Course Engagement Prediction using Linear Regression in ML

FREE Online Courses: Elevate Your Skills, Zero Cost Attached - Enroll Now!

Online-learning providers live by one metric: learner engagement—the percentage of enrolled students who consistently return, watch videos, submit quizzes, and post on forums. Accurately predicting each learner’s next‑week engagement score (e.g., minutes‑watched or a 0‑to‑100 composite) lets course teams trigger timely nudges, schedule live sessions, and personalise content.

Here we build a linear‑regression baseline that forecasts a learner’s weekly engagement score from data known up to the previous week: cumulative video minutes, quiz accuracy, forum activity, days since signup, and demographic flags. A transparent model pinpoints the first-order drivers of engagement and sets a factual benchmark before experimenting with time-series nets or uplift modelling.

Libraries Required

pandas # data wrangling
numpy # numerical helpers
matplotlib.pyplot # sanity‑check plots
scikit‑learn # preprocessing, model, metrics
joblib # persist the trained pipeline

Dataset Link

Predict Online Course Engagement

Step-by-Step Code Implementation

Why linear regression? Engagement often increases nearly linearly with cumulative study minutes and quiz mastery, while it declines with learner ageing (days since signup). A straight‑line model quantifies each lever, producing coefficients that managers can discuss in plain English.

1. Import Libraries

import pandas as pd
import numpy as np
import matplotlib.pyplot as plt

from sklearn.model_selection import train_test_split
from sklearn.preprocessing import OneHotEncoder, StandardScaler
from sklearn.compose import ColumnTransformer
from sklearn.pipeline import Pipeline
from sklearn.linear_model import LinearRegression
from sklearn.metrics import r2_score, mean_absolute_error
import joblib

2. Load the data

Download and unzip online_course_engagement.csv from Kaggle (see Section 4), then load:

df = pd.read_csv("online_course_engagement.csv")
print(df.head())

3. Feature engineering

Standard scaling puts video minutes, quiz accuracy, and forum counts on equal variance, so coefficients read as points per 1 σ change—a tidy story for dashboards.

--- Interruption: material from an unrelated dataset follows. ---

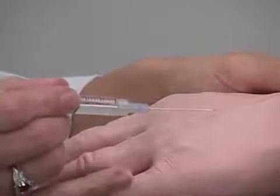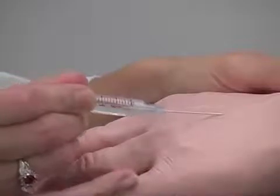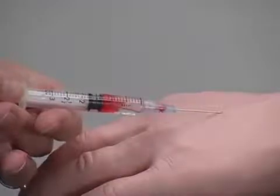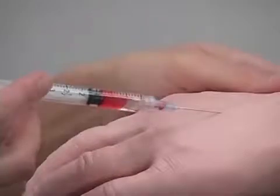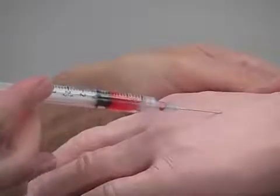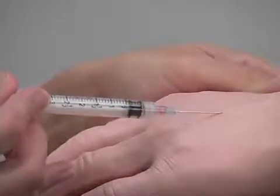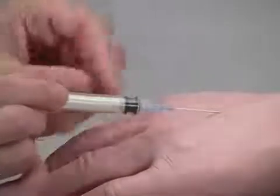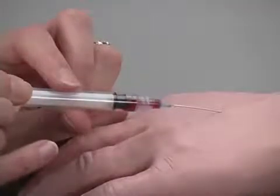To inject fluids, use a small diameter needle, either 20 or 25 gauge. Puncture the skin and vein, test for realistic flashback, and inject liquid into the vein. To withdraw blood, insert the needle into the vein and withdraw the synthetic blood.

# drop rows missing critical predictors or label
core_cols = ['video_minutes_cum', 'quiz_accuracy',
             'forum_posts', 'days_since_signup',
             'country', 'engagement_next']
df = df.dropna(subset=core_cols)

# flag heavy forum users
df['forum_heavy'] = (df['forum_posts'] > df['forum_posts'].median()).astype(int)

4.  Define predictors & label

Forum‑heavy flag separates lurkers from active discussants, revealing how social learning correlates with persistence.

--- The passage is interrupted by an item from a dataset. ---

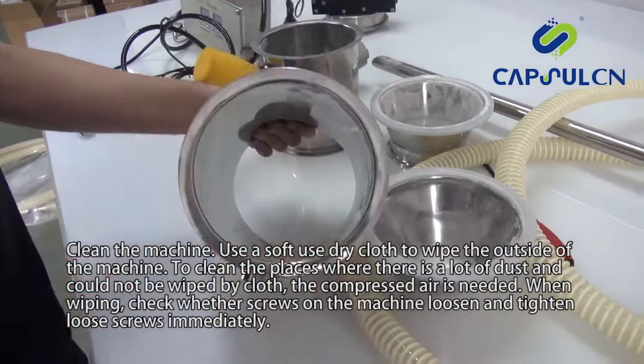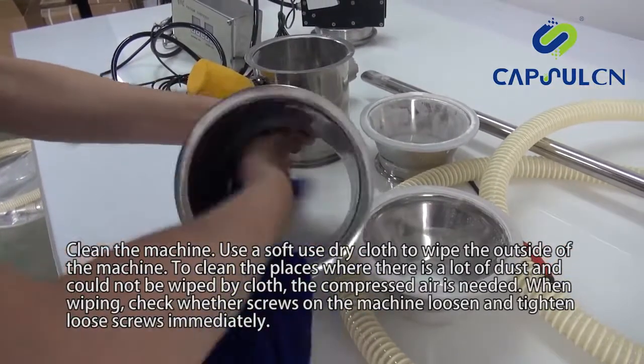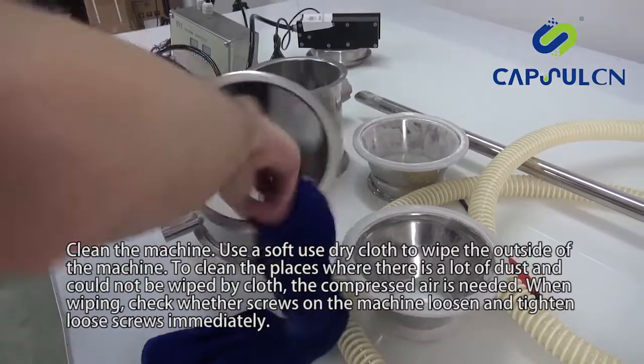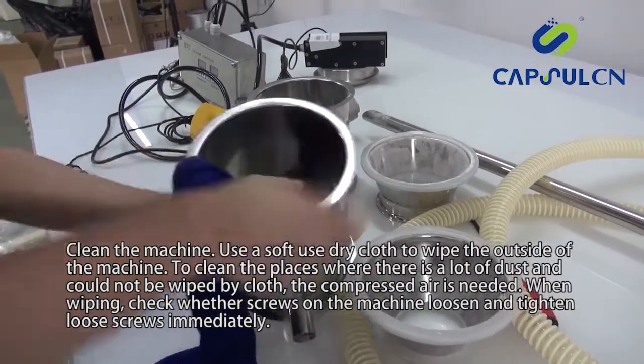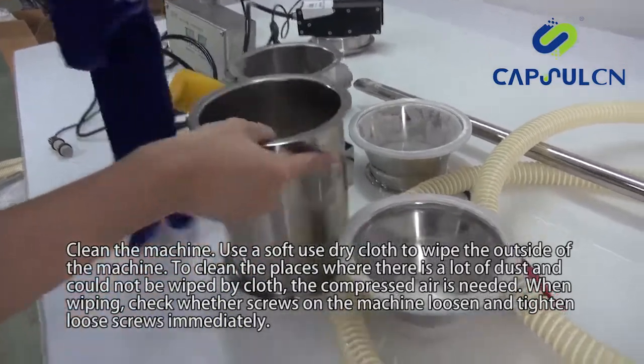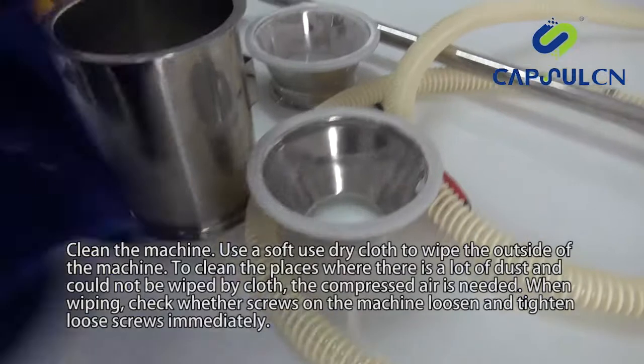Clean the machine. Use a soft, dry cloth to wipe the outside of the machine. To clean places where there is a lot of dust that could not be wiped by cloth, compressed air is needed. When wiping, check whether screws on the machine are loose and tighten any loose screws immediately.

num_cols = ['video_minutes_cum', 'quiz_accuracy',
            'forum_posts', 'days_since_signup']

cat_cols = ['country', 'forum_heavy']   # forum_heavy treated as categorical flag
target   = 'engagement_next'

X = df[num_cols + cat_cols]
y = df[target]

5.  Pre‑processing & model pipeline

One‑hot country codes control for regional usage patterns (e.g., mobile‑first vs. desktop) without imposing a false numeric order.

preproc = ColumnTransformer([
        ('cat', OneHotEncoder(handle_unknown='ignore'), cat_cols),
        ('num', StandardScaler(),                      num_cols)
])

linreg = LinearRegression()

pipe = Pipeline([
        ('prep',  preproc),	
        ('model', linreg)
])

6. Train‑test split & training

X_train, X_test, y_train, y_test = train_test_split(
        X, y, test_size=0.2, random_state=42, shuffle=True)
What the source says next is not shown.